When the film begins, a leery young Garland is strolling down the yellow brick road with the domineering studio head Louis B. Mayer as he lays out her future for her: She can either be an average nobody, or a star. To be a star, it is going to take major sacrifices, primarily caloric. Poor Garland just wants to be a kid and, later, just wants to be a mother to her own kids, but everyone who recognizes her incredible talent sees her as a cash cow and milks her accordingly. The other thing that keeps her performing, as one character says late in the film, is that “I don’t think she can help herself.”
By the late 1960s, Garland was in dire financial straits, moving her two young children from one hotel to another, lugging all of their possessions in suitcases. Compelled to take the only job offer she can get so she can eventually keep custody of her children, Garland reluctantly leaves them with their father and heads to London for a sold-out nightclub gig. When the trembling Zellweger finally turns on full Garland to perform onstage, it is electrifying. Zellweger really captures Garland’s physicality performing, and sings all the songs herself.

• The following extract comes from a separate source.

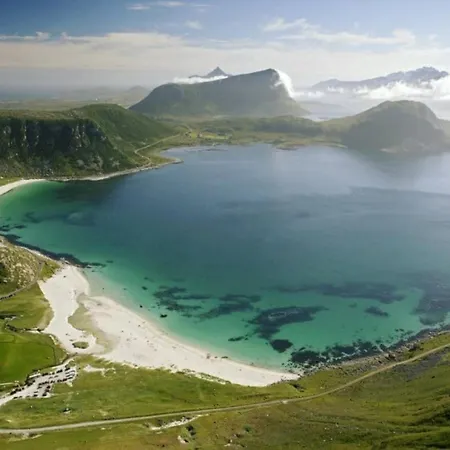 Semesterbostad Haukland House *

In addition to turning in a great performance, the choice of Zellweger for this role added another layer of meaning, as this film represents something of a comeback for Zellweger herself, who was a major ingénue and star years ago but then seemingly disappeared. (She won an Oscar in 2003 for “Cold Mountain.”) When I watched her playing poor Garland, still scared in her 50s to eat a slice of birthday cake and still popping the pills they forced on her as a kid, I remembered the furor over Zellweger’s supposedly shocking new appearance after a longish absence from the public eye. This role seems like a particularly meaningful way for Zellweger to make her comeback.
The flashbacks of Garland as a child amply explain the drug addiction she maintains as an adult and, of course, it is infuriating to see the level of control they put her under, because they wanted her to be thinner. The emotion is easy to feel, even when the structure of the film itself is a little dull and straightforward.

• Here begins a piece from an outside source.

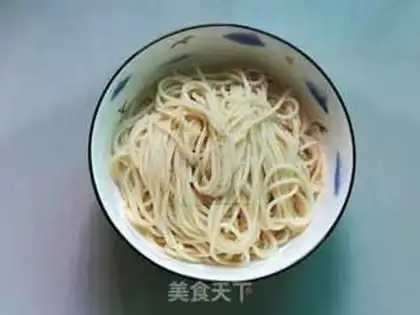 Make Meat and vegetable noodles step 5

Individual scenes and characters are great, like the two gay guys she meets in London after one of her shows, huge fans who find themselves weeping with emotion as she sings “Get Happy” of all things, right in their kitchen. And while Zellweger’s outsized stage scenes are terrific, both the triumphs and the disasters, she is even more heartbreaking as an obviously loving and beloved mother to her two young kids. There is an early scene where you see her turn on her creativity, spirit and charm to cheer them up right before she takes the trip she does not want to take to London, and I have thought about that more than any of the louder parts of the film.

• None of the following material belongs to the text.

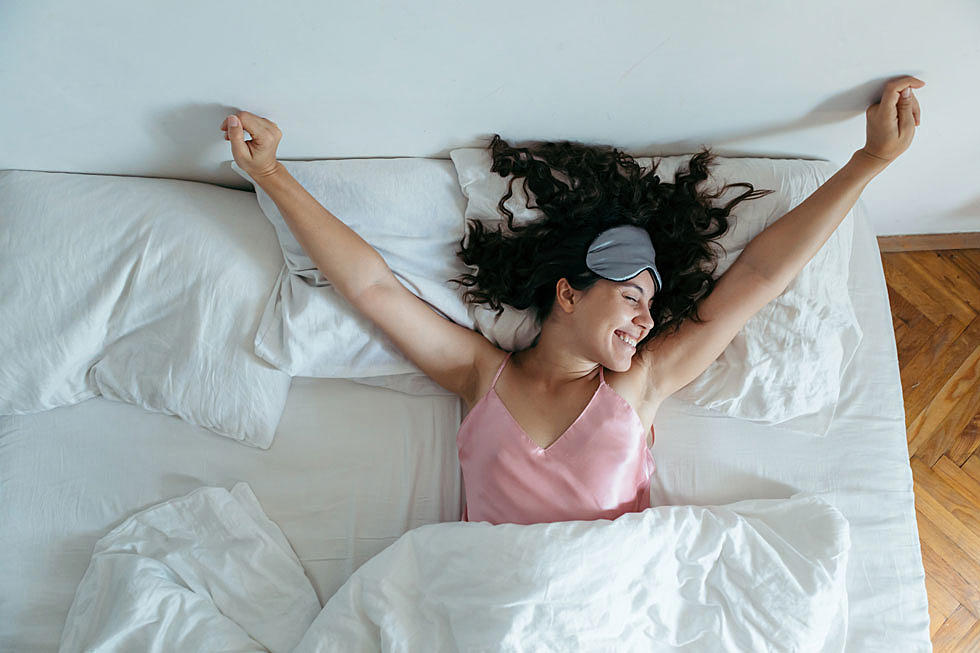 Sweaty Sleepers, Rejoice! The Best Cooling Bedding to Keep You Calm, Cool &#038; Collected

The overall effect of “Judy” is not terribly memorable, but Garland herself is. As a biopic, it is not extraordinary and it verges on cheesy more than once, but watch it to see what all the fuss over Zellweger is about. Of course, if you just like a juicy true Hollywood story, “Judy” has plenty of painful, behind-the-scenes details for you to dissect, and I for one will feel guilty every time I watch “The Wizard of Oz” from now on.
“Judy” is currently available to rent.